/aerosol-depth-prediction

Multiple instance regression of aerosol optical depth based on NASA's multispectral imaging data.

Primary LanguageJupyter NotebookApache License 2.0Apache-2.0

Multiple Instance Regression: Aerosol optical depth prediction

Among the biggest challenges of current climate research is the impact of Aerosols on the Earth’s climate and our health. Recent satellite spectral images and measurements enable us to tackle the problem of predicting Aerosol Optical Depth (AOD). Several approaches are considered. Our final model uses a probabilistic approach: observations are assumed to be sampled from a distribution and each distribution summarised by a kernel mean embedding. AOD is predicted for each instance with Kernel Ridge regression and the results combined through a Support Vector Regression. This stacking model gave a leaderboard score of 0.7356 (RMSE metric), the best performance among our peers on the test data provided.

Presentation

The Multiple Instance Regression problem arises when the label of every data point is not known uniquely but is instead shared among grouping of instances denoted bag. The goal is to train a regression model that can accurately predict the label of an unlabelled bag of instances.

In our case, each bag is made of 100 satellite measurements of reflectances (the fraction of light that is reflected from the atmosphere and the surface hit) in a given geographic area. The label of the bag is the Aerosol Optical Depth directly measured by an instrument on the field. The data is available here: https://inclass.kaggle.com/c/aerosol-prediction-practical

Pruning approach

The AOD in a geographic area does not vary much within a reasonable range (up to 100km) however the satellite measurements is greatly dependent on the surface and on the presence of clouds. More precisely, the radiance measured by the satellite is a combination of the light reflected by the surface and by the atmosphere.
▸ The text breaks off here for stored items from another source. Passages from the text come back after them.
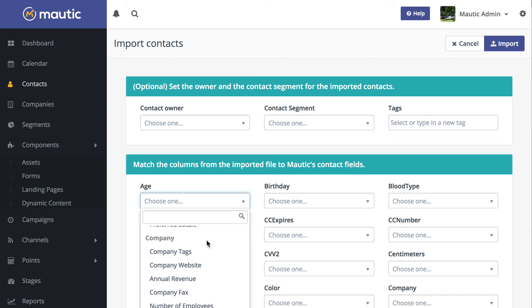So a much requested new feature in Mautic 2.10 or the September 2017 update. And that's your Mautic Minute.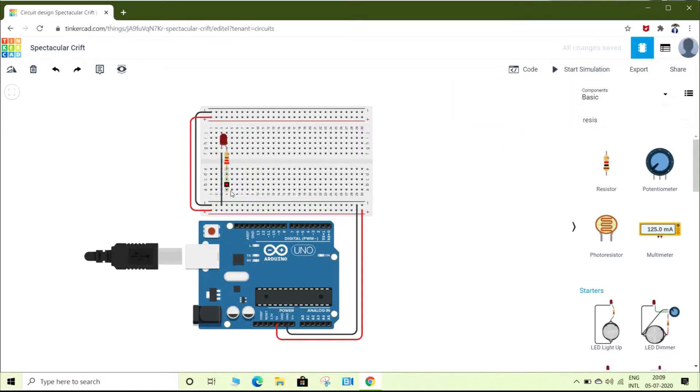Now we will start completing the connection of the LED. I am connecting this LED to pin number 9.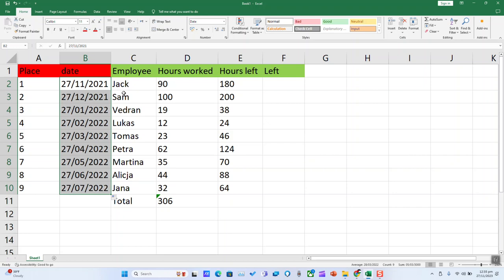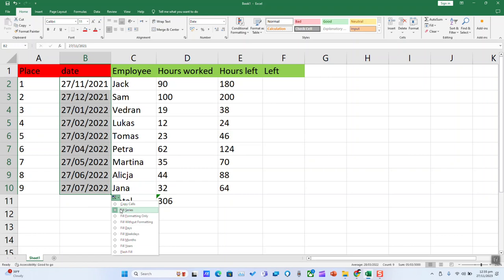If you are unhappy with the autofill or it doesn't fit your criteria, click on the autofill options and select what you want to change - years, months, or weeks in the case of dates.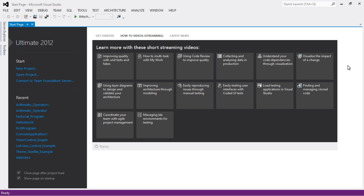Hey everyone, welcome to my channel. Today we are going to learn about the most important window form control in C# .NET, and that is a list box control. A list box control is used to create a list of items so that the user can select one or more items from the list box control.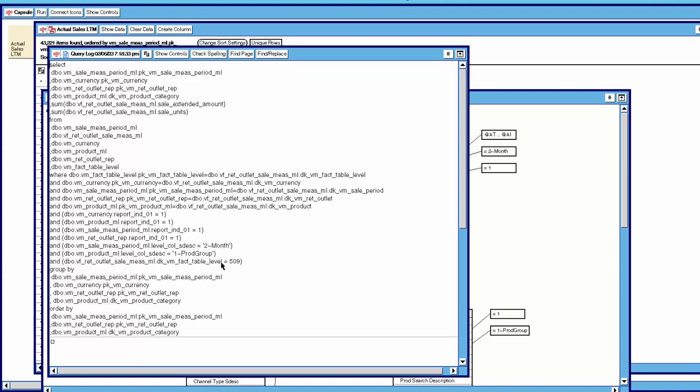In beta data models every fact table level has just one number. So right across your data warehouse system, every summary has its own unique summary level number. You put that fact table level number into the query and you are guaranteed not to get any double counting. We then have the group by clause and the order by clause. That is what the SQL generated looks like — it's quite easy to see how the query icon has its contents generated into SQL.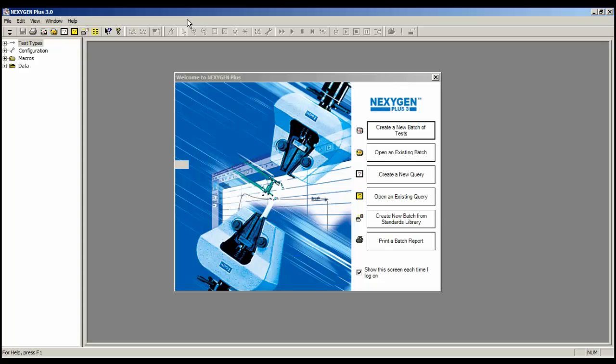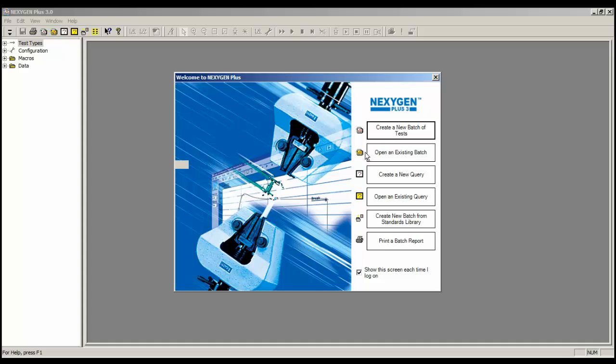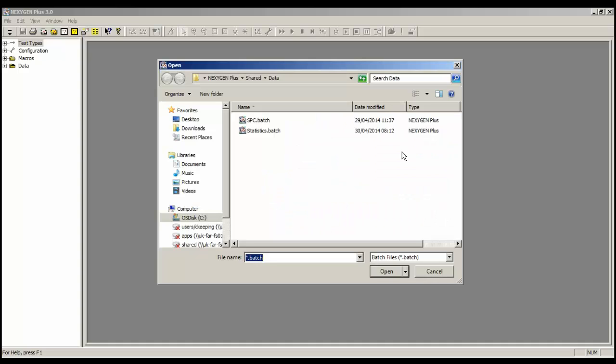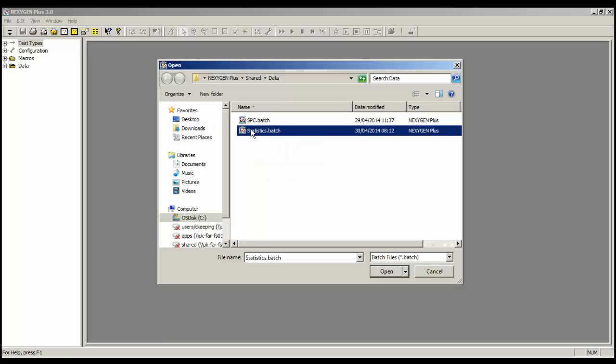Firstly, let's open a batch file that contains many tests. To do that, I'm going to use the Welcome screen, click on the button Open an existing batch. The dialog shows me files on my computer, and I'm going to select and open the file I need.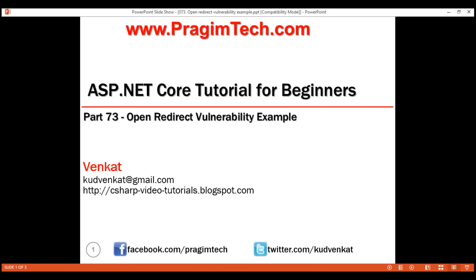This is part 73 of the ASP.NET Core tutorial. In this video, we'll discuss what Open Redirect Vulnerability is and, more importantly, how to fix it in ASP.NET Core. First, let's understand what makes your application vulnerable to Open Redirect Attacks.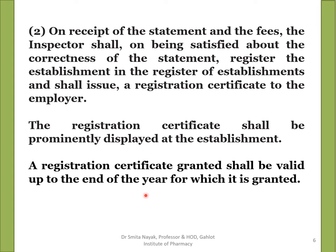If the inspector is satisfied with the correctness of the changes, he will make the change in the register of establishments and issue a fresh registration certificate or amend the current one. Similarly, the employer, if he wishes to close his establishment, shall notify the inspector within 10 days. The inspector will inspect the data and, on being satisfied, remove the name of the establishment from the register and cancel the registration certificate. This is the complete process of registration and closure of an establishment.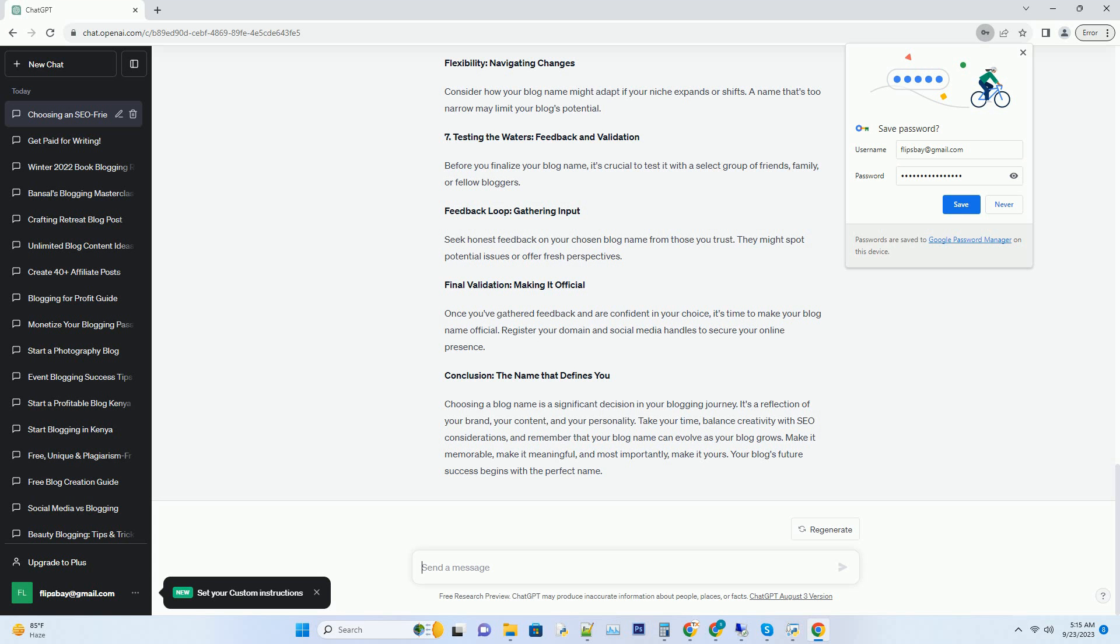Number five: The power of association—creating a connection. Your blog name should evoke emotions and connect with your target audience. Emotional impact: stirring hearts and minds. Consider the emotions you want your blog name to evoke. Whether it's excitement, curiosity, or trust, a well-chosen name can elicit the right feelings in your readers.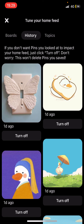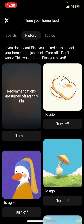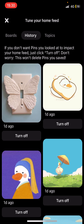If you don't want pins you've looked at to impact your home feed, just click Turn Off. Don't worry — this won't delete pins you've saved. For instance, if you don't want a particular pin to show up, just turn it off so the Home Feed Tuner won't show similar stuff on your home feed. I'm going to enable it again.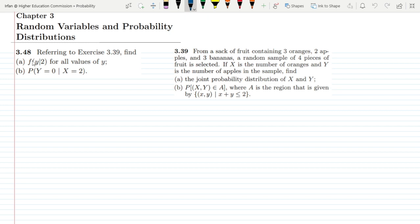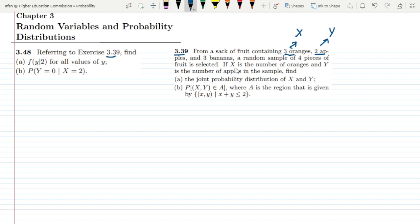This is question 3.48. It states that referring to exercise 3.39, find: part a, f of y given x=2 for all values of y, and part b, the probability of y equal to 0 given that x is equal to 2. In problem 3.39, oranges correspond to x and apples correspond to y. If x is the number of oranges and y is the number of apples, we find the joint probability distribution of x and y.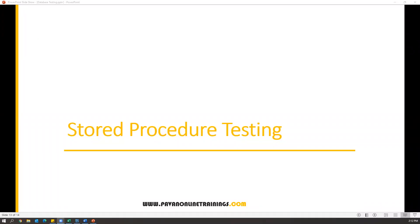Hi everyone, welcome. In our previous video we have seen what is a stored procedure, what are the advantages, and how we can develop stored procedures in the database. In today's video, I'm going to show you what are all the different scenarios we have to test as part of stored procedure testing, and also how we can write the test cases for stored procedures, and finally how we can test stored procedures by executing SQL commands.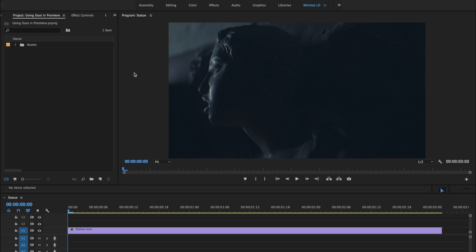In this quick tutorial, we're going to show you the basics of using dust from Lens Distortions in Adobe Premiere. Here's a shot we're going to work on.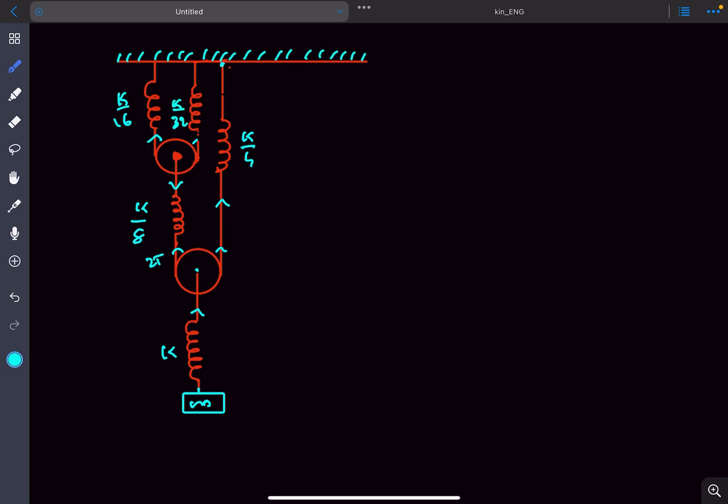Hey everyone, in this video I will be discussing a method with which you can quickly find the time period of SHM of this mass M.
If the surface is dark, all the light will be absorbed and only the reflected light from the atmosphere will be measured by the satellite, meaning that the AOD can be calculated with a deterministic function. However, not all the instances in the bag come from a dark surface and that is why in our first approach, in the "Instances pruning with tensorflow" notebook, we will try to get rid of those noisy instances (instances associated with light surfaces) in each bag by recursively pruning them.

Distribution regression

Instead of fitting a model to the instances, the idea of distribution regression is to find a regression on the underlying probability distributions the instances come from. This approached proved to give more satisfactory results and is detailed in the notebook: "Distribution regression".